Une découverte historique fascinante les y attendait, après avoir détecté et analysé de minuscules miettes calcinées dans des cheminées ancestrales : ils avaient trouvé là, sous leurs yeux émerveillés, les restes carbonisés d’un pain cuit par des chasseurs-cueilleurs Natoufiens en des temps immémoriaux… il y a plus de 14 400 ans !
Ces infimes restes de ce qui semble s’apparenter à un pain pita ont une valeur scientifique exceptionnelle, de nature à ébranler les certitudes d’un certain nombre d’universitaires, car ils fournissent les premières preuves tangibles que le pain, à base de céréales, était pétri et cuit au moins 3 000 ans avant l’avènement de l’agriculture.
Jusqu’à aujourd’hui, la plus ancienne trace de pain avait été décelée en Turquie et datait de 9100 ans. Aussi, mesure-t-on mieux le caractère extraordinaire que revêt cette trouvaille pour Tobias Richter, co-auteur de l’étude archéologique menée par l’Université de Copenhague, et ses collègues du Danemark et du Royaume-Uni.

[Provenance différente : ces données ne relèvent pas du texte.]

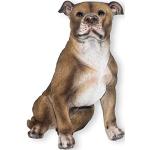 Braune 33 cm colourliving Dekohunde mit Hundemotiv aus Kunststein 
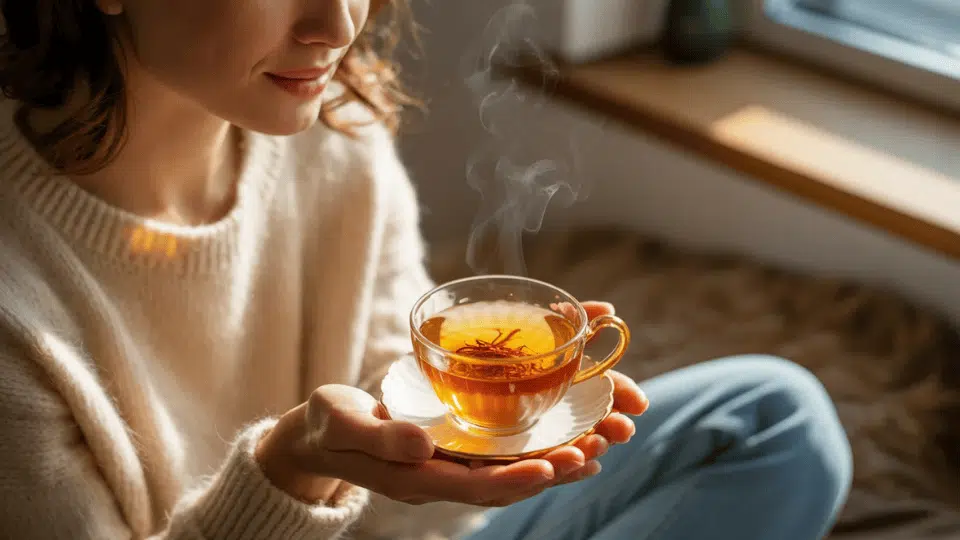 a woman holding a steaming cup of saffron tea with golden threads visible inside the glass cup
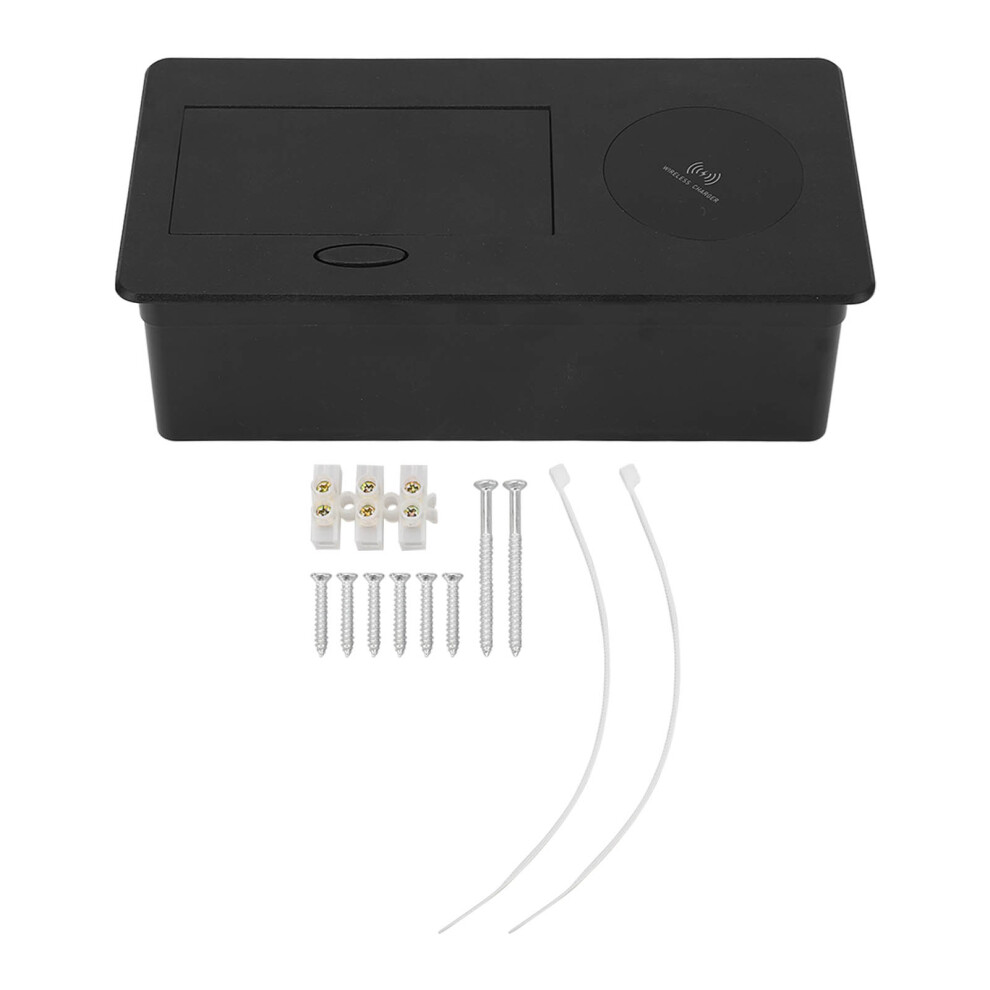 Embedded Desktop Socket Wireless Charger 2 Pin Ac250v Black 323163321080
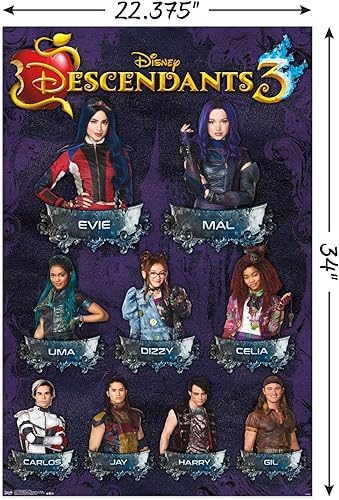 Miniatura 3 de Trends International Disney Descendants 3 - Póster de pared de cuadrícula, 22.375 x 34 pulgadas, paquete de póster y montaje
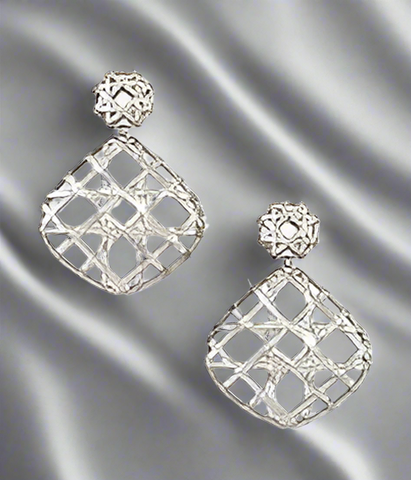 Kendra Scott Natalie Gold Statement Earrings In Rhodium Plated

“Le pain a été longtemps présenté comme un produit émanant de sociétés agricoles et sédentaires, mais les vestiges découverts en Jordanie sont antérieurs au début de la culture des plantes… d’au moins 3000 ans !”, a-t-il déclaré avec un enthousiasme certain, tandis que son confrère M. Arranz-Otaegui évoquait déjà la prochaine étape cruciale à entreprendre : “Nous devons maintenant évaluer s’il existe une relation entre la production de pain et les origines de l’agriculture, si la production et la consommation de pain ont influencé l’émergence de la culture et de la domestication des plantes. Il est possible que le pain ait incité les chasseurs-cueilleurs à se lancer dans la culture et l’agriculture.”.
A la lumière de leur étude, il ressort en effet que la production de pain, composé de céréales sauvages, pourrait avoir encouragé les chasseurs-cueilleurs à cultiver eux-mêmes leurs propres céréales, contribuant ainsi à la révolution agricole au Néolithique, cette période de la Préhistoire marquée par de profondes mutations techniques et sociales.
A court de mots pour qualifier une étude qui ne va pas manquer de bousculer certains enseignants-chercheurs dans leurs convictions profondes, Amy Bogaard, professeur d’archéologie néolithique et de l’âge du bronze à l’Université d’Oxford et qui n’a pas participé à la recherche, n’a employé qu’un seul épithète pour la décrire : “fascinante”.
“Nous savions auparavant que ces communautés broyaient et préparaient les plantes de différentes façons, mais cette étude est la première à identifier les restes de pain de cette date”, a-t-elle indiqué, avant de souligner : “En termes d’histoire de l’alimentation, cela suggère que la préparation d’aliments de type pain plat est antérieure à l’établissement de l’agriculture, et que l’agriculture dans cette région a émergé dans une culture pré-établie de broyage et de cuisson”.
Le désert noir de Jordanie recelait un précieux trésor, le plus vieux pain du monde, qui a fait l’objet d’une étude d’une portée non moins inestimable. Ses conclusions seront prochainement publiées dans la revue scientifique américaine Proceedings of the National Academy of Sciences.